But while the research is advancing at an unprecedentedly rapid pace, cancer biologists remain divided over its potential to actually provide a cure to cancer. Moreover, competition among researchers has led scientists to withhold information, plaguing the research and slowing down the progress, scientists say.
No one denies, however, that the level of excitement among cancer researchers has reached a new high as scientists come closer to unlocking the mystery of how cancer cells are born. In particular, the interest is aroused by a new theory suggesting that the seeds of cancer are present in virtually all healthy cells.
Frikson recently startled the scientific community by showing that a specific type of abnormal gene--labelled an oncagene (from the Greek word ongus meaning "excessive growth")--corrupts the healthy cell by creating irregular proteins. These proteins then somehow transform the normal cell to a cancer cell.
The discovery has triggered an onslaught of further research focusing primarily on exactly how oncagenes form, how they create abnormal proteins and how these products cause malignancy.
More important, an understanding of how cancer cells form will hopefully lead to a method of stifling the process, scientists say.
"There are several ways to get cancer, but most of what we know of as cancer will be explained in oncagene products," Erikson says. "If we know the pathways we can then think of ways to intervene in the cell growth. Right now, I'm quite optimistic," he adds.
Other top rescarchers, however, are not as optimistic.

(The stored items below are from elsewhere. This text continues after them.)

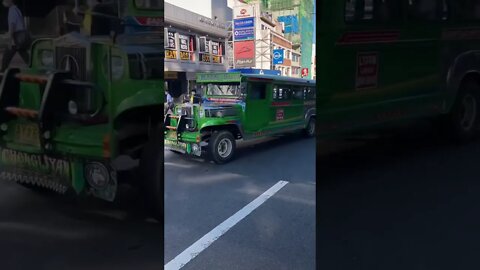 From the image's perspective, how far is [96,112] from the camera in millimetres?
1961

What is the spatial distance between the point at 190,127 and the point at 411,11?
17.7 ft

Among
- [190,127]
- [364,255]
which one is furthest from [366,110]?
[190,127]

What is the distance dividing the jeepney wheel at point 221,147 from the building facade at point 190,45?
396 centimetres

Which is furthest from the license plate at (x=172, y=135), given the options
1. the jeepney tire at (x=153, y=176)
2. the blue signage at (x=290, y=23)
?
the blue signage at (x=290, y=23)

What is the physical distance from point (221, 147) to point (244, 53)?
1024 cm

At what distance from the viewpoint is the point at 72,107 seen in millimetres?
1962

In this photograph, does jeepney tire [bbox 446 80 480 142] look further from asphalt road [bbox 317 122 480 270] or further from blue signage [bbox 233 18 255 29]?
blue signage [bbox 233 18 255 29]

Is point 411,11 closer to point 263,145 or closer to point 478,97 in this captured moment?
point 478,97

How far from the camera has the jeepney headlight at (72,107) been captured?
1957 millimetres

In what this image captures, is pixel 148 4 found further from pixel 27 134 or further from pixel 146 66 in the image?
pixel 27 134

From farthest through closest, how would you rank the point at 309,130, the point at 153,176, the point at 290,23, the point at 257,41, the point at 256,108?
1. the point at 290,23
2. the point at 257,41
3. the point at 309,130
4. the point at 256,108
5. the point at 153,176

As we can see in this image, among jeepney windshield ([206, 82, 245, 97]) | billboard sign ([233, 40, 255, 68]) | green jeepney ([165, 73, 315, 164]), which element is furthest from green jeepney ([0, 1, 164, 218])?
billboard sign ([233, 40, 255, 68])

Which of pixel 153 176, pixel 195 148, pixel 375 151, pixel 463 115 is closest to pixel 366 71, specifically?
pixel 375 151

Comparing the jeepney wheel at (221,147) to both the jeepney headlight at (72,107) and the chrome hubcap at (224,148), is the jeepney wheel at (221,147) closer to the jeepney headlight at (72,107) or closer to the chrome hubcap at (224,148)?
the chrome hubcap at (224,148) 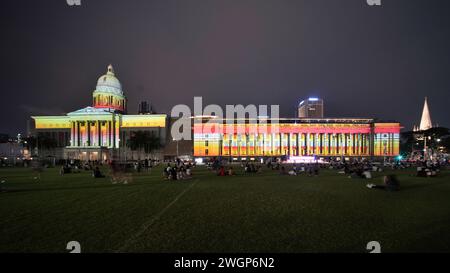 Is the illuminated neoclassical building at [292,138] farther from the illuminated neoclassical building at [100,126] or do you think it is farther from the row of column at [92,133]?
the row of column at [92,133]

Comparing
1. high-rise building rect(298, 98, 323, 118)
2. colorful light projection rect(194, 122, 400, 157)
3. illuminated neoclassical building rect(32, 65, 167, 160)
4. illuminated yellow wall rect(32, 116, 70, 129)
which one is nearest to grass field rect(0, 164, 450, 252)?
illuminated neoclassical building rect(32, 65, 167, 160)

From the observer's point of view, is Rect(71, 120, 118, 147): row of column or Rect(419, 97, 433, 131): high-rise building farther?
Rect(419, 97, 433, 131): high-rise building

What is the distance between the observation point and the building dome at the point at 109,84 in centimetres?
10391

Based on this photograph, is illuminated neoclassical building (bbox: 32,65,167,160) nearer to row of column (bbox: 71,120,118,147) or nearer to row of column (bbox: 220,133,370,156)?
row of column (bbox: 71,120,118,147)

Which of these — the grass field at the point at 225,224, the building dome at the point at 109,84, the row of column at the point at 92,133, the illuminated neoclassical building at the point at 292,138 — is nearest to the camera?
the grass field at the point at 225,224

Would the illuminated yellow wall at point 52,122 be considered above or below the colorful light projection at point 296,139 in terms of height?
above

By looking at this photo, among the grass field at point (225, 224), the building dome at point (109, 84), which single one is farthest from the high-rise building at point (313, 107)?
the grass field at point (225, 224)

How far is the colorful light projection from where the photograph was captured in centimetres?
10544

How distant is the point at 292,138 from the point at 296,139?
5.18ft

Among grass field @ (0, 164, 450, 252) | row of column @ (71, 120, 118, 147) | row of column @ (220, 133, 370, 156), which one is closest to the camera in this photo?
grass field @ (0, 164, 450, 252)

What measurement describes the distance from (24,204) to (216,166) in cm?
2643

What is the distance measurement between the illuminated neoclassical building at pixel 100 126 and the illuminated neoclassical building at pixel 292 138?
19.2m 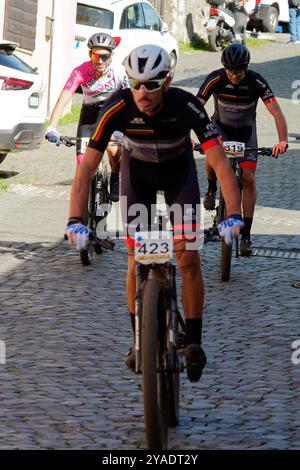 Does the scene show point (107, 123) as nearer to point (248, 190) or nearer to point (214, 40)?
point (248, 190)

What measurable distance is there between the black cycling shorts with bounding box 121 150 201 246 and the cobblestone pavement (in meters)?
1.02

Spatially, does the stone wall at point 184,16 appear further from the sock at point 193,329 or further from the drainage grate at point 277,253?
the sock at point 193,329

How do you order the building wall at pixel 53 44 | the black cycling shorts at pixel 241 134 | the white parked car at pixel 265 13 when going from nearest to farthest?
the black cycling shorts at pixel 241 134
the building wall at pixel 53 44
the white parked car at pixel 265 13

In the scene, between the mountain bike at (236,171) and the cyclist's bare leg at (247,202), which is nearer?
the mountain bike at (236,171)

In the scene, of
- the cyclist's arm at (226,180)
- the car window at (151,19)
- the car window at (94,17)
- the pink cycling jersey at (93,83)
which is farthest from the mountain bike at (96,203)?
the car window at (151,19)

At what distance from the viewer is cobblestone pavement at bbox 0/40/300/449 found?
21.6 ft

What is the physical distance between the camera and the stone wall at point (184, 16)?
35.8m

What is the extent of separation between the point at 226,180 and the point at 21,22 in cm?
1657

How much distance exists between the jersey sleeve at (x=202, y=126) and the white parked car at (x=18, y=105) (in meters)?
10.4

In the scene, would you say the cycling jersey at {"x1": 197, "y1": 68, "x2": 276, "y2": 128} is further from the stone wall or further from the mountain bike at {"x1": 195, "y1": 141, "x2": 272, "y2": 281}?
the stone wall

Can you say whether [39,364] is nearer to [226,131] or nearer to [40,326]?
[40,326]

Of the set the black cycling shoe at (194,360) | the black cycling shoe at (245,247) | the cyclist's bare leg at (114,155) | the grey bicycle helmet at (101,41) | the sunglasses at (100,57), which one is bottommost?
the black cycling shoe at (245,247)

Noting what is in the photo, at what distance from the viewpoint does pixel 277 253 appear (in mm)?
13078

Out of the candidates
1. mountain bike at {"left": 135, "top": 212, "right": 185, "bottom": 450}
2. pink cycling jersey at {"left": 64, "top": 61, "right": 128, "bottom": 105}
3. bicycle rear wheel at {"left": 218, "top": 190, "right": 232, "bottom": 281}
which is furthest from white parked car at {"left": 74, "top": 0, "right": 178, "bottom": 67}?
mountain bike at {"left": 135, "top": 212, "right": 185, "bottom": 450} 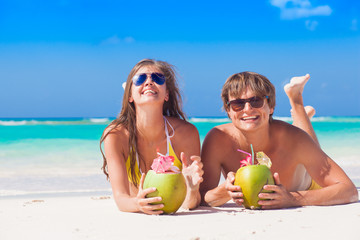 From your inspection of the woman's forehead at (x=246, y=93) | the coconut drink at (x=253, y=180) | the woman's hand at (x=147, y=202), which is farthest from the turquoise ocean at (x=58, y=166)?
the coconut drink at (x=253, y=180)

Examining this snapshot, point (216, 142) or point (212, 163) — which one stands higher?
point (216, 142)

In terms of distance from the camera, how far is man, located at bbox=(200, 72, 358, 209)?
13.6ft

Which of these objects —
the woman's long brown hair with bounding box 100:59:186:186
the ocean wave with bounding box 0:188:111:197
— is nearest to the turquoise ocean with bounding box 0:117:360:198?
the ocean wave with bounding box 0:188:111:197

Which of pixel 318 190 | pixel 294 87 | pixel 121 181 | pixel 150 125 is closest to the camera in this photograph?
pixel 121 181

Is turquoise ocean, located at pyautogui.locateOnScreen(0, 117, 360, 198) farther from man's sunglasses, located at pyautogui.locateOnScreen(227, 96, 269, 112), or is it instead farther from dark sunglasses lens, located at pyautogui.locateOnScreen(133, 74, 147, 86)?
man's sunglasses, located at pyautogui.locateOnScreen(227, 96, 269, 112)

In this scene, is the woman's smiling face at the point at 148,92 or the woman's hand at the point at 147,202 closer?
the woman's hand at the point at 147,202

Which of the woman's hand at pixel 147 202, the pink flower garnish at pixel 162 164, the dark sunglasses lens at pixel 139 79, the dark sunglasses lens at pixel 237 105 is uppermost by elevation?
A: the dark sunglasses lens at pixel 139 79

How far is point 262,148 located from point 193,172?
1.03 m

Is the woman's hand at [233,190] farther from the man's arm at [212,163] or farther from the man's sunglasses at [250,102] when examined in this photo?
the man's sunglasses at [250,102]

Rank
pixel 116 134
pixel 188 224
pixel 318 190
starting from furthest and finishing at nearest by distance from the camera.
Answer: pixel 116 134, pixel 318 190, pixel 188 224

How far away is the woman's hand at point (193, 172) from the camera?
3.72 metres

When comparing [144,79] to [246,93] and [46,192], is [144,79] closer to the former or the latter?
[246,93]

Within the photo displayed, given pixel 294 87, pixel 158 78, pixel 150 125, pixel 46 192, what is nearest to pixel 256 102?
pixel 158 78

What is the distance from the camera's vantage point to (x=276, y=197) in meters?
3.77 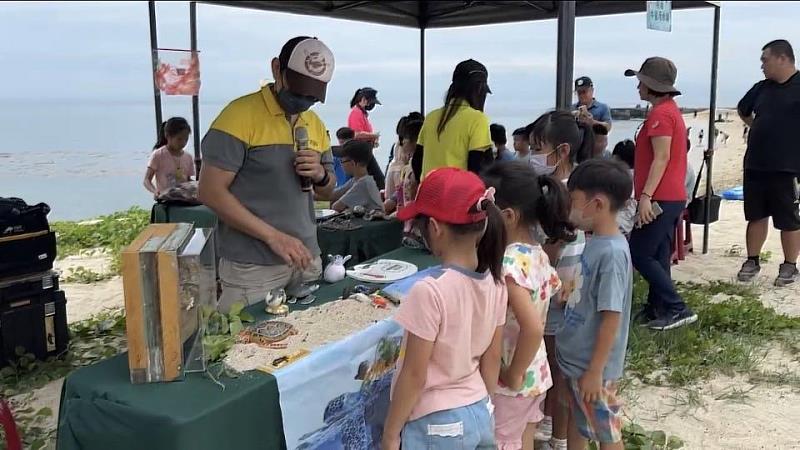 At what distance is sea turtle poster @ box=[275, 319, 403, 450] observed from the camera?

While most heartily support the continuation of oncagene research, some suggest that the results may not be as fruitful or promising as they may now appear.
"It's hard to see a rational therapy based on oncagene research right now," says Tony Hunter of the Salk Cancer Research Institute in California. "If you're interested in curing cancer, working with oncagenes is a long road and many years away," he adds.
"Even if we find out how it works, we might see that there is nothing we can do about it A real understanding is still a long way away," agrees Larry Rohrschncider of the Hunter Cancer Research in Seattle.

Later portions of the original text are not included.